Davutoğlu’ndan “28 Mayıs” Paylaşımı: Seçim Değil, Referandum

28 Mayıs’ta yapılacak olan Cumhurbaşkanlığı ikinci tur seçimine ilişkin açıklamada bulunan GP Lideri Davutoğlu, “Bu anlamlı günde hepimiz bir kez daha düşünmek zorundayız. Gelecek nesillere borcumuz bu. Vereceğiniz oylarla bir cumhurbaşkanını bir ittifak partisini seçmiş olmayacaksınız. Bu oylarla referandum mahiyetinde bir evet ya da hayır diyeceksiniz. Bir evet hayır oylaması karşısındayız” dedi.

Haber Merkezi / Davutoğlu, açıklamasının devamında, “Erdoğan, Kılıçdaroğlu, Millet İttifakı, Cumhur İttifakı tercihinden çok öte bir meseleyle karşı karşıyayız.
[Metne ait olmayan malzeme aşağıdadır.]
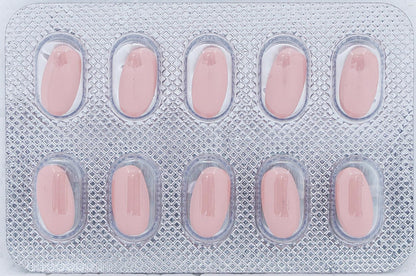 Apigy-5 - Strip of 10 Tablets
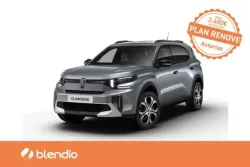 Citroën C3 Aircross Hybrid Plus e-DCS6 110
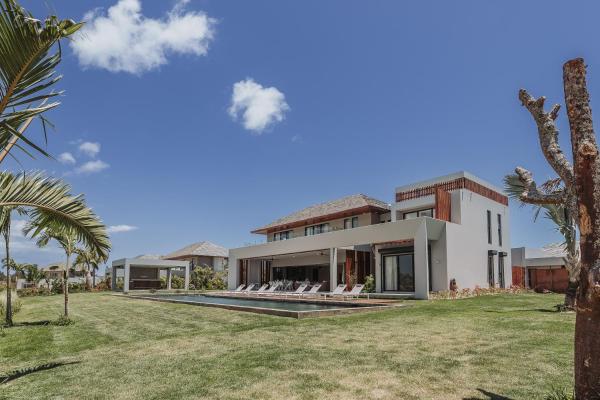North Coast Luxury Golf Villa - Mont Choisy, Prenota  Grand Baie Mauritius Costa Nord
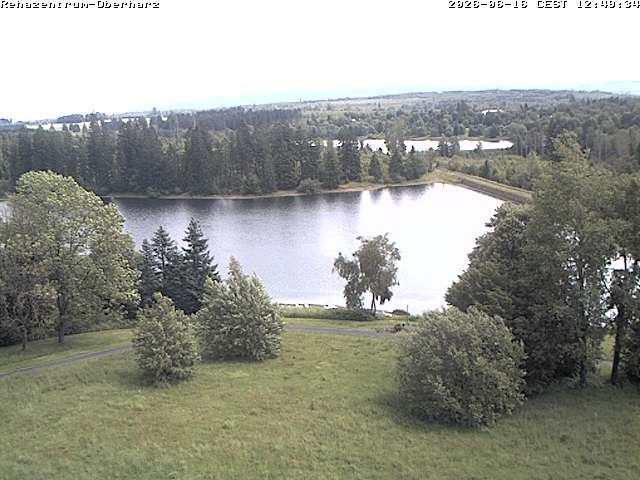 Archiv Foto Webcam Rehazentrum Oberharz in Clausthal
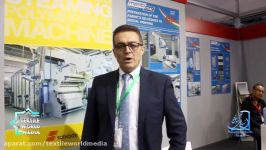 ITMA ASIA 2016 Interview with Exhibitors  Salvade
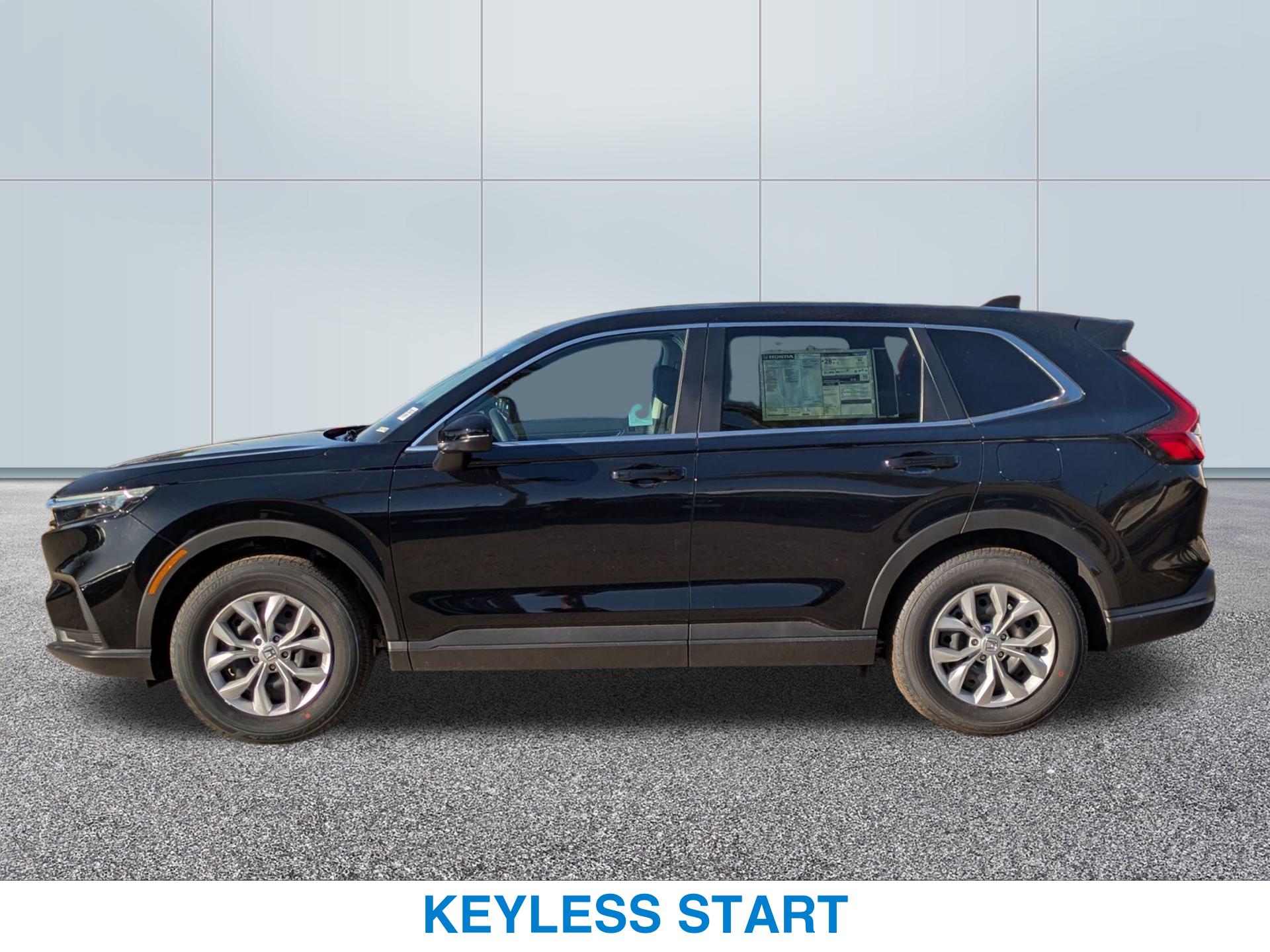 2025 Honda CR-V LX photo 11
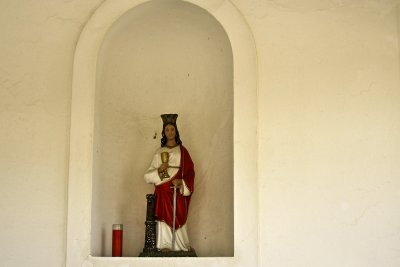 San Cristobal ikon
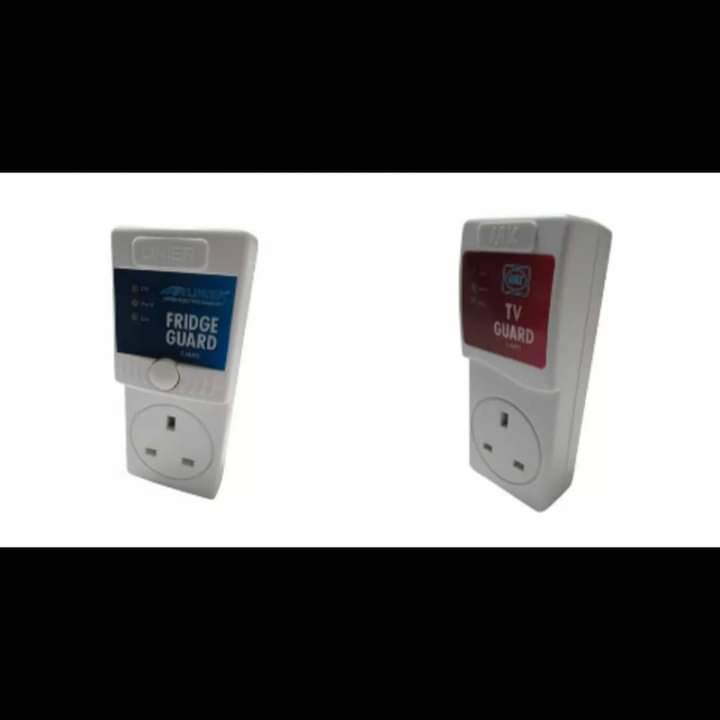 Appliance Voltage Protector for TV and Fridge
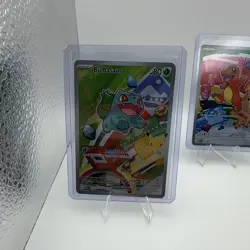 Kanto Partners First partners Bulbasaur Charmander Squirtle - 3 Cards - Image 2
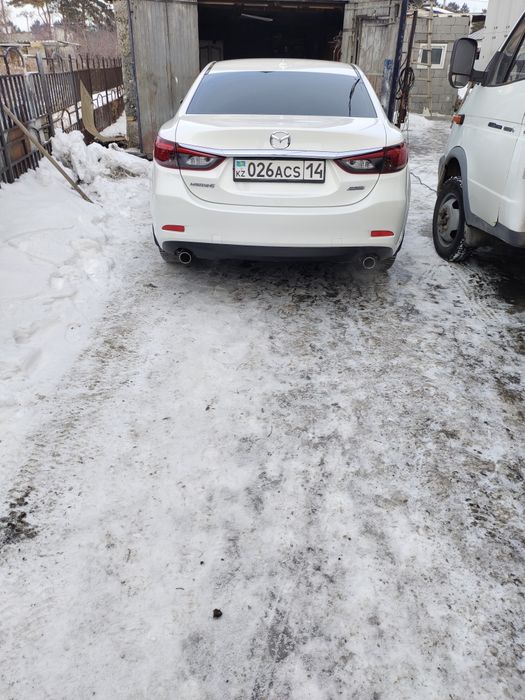 Продам мазду 6 японец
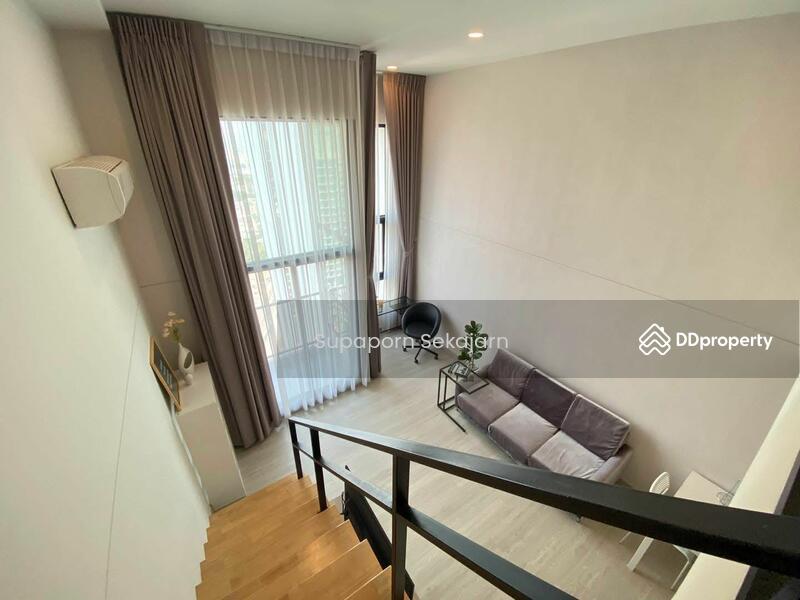 KnightsBridge Duplex ติวานนท์ (ไนท์บริดจ์ ดูเพล็กซ์ ติวานนท์), นนทบุรี, 8 ถนนติวานนท์, ตลาดขวัญ, เมืองนนทบุรี, นนทบุรี, 41 ตร.ม., คอนโด ให้เช่า, โดย Supaporn Sekajarn, 10789443 - DDproperty.com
Bu bir seçim değil bu bir referandum. Eğer var olan iktidarın devam etmesini istiyorsanız var olan yanlışları kabul ediyorsunuz demektir. Eğer topluma yeni bir şans imkanı sunmak istiyorsanız statükoya karşı değişimi savunacaksınız.” ifadelerini kullandı.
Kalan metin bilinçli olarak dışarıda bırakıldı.